# WHAT TO WORK ON:
Given the material below, output exactly the lines from the line with "Elderly woman alone in nursing home" to the line with "Falda midi de", both ends included, and no other lines.

# DATA EXTRACTS:
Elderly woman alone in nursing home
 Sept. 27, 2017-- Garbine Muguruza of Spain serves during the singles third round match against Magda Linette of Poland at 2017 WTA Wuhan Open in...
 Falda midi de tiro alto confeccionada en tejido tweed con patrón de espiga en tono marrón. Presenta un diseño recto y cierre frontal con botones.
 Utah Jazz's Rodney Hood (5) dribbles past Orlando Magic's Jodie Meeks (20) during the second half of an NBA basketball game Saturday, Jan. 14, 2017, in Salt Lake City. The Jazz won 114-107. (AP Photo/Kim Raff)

* * *

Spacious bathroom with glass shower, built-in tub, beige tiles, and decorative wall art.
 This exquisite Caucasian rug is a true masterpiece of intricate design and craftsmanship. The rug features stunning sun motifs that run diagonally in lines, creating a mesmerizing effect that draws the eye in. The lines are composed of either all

# ANSWER:
Elderly woman alone in nursing home
 Sept. 27, 2017-- Garbine Muguruza of Spain serves during the singles third round match against Magda Linette of Poland at 2017 WTA Wuhan Open in...
 Falda midi de tiro alto confeccionada en tejido tweed con patrón de espiga en tono marrón. Presenta un diseño recto y cierre frontal con botones.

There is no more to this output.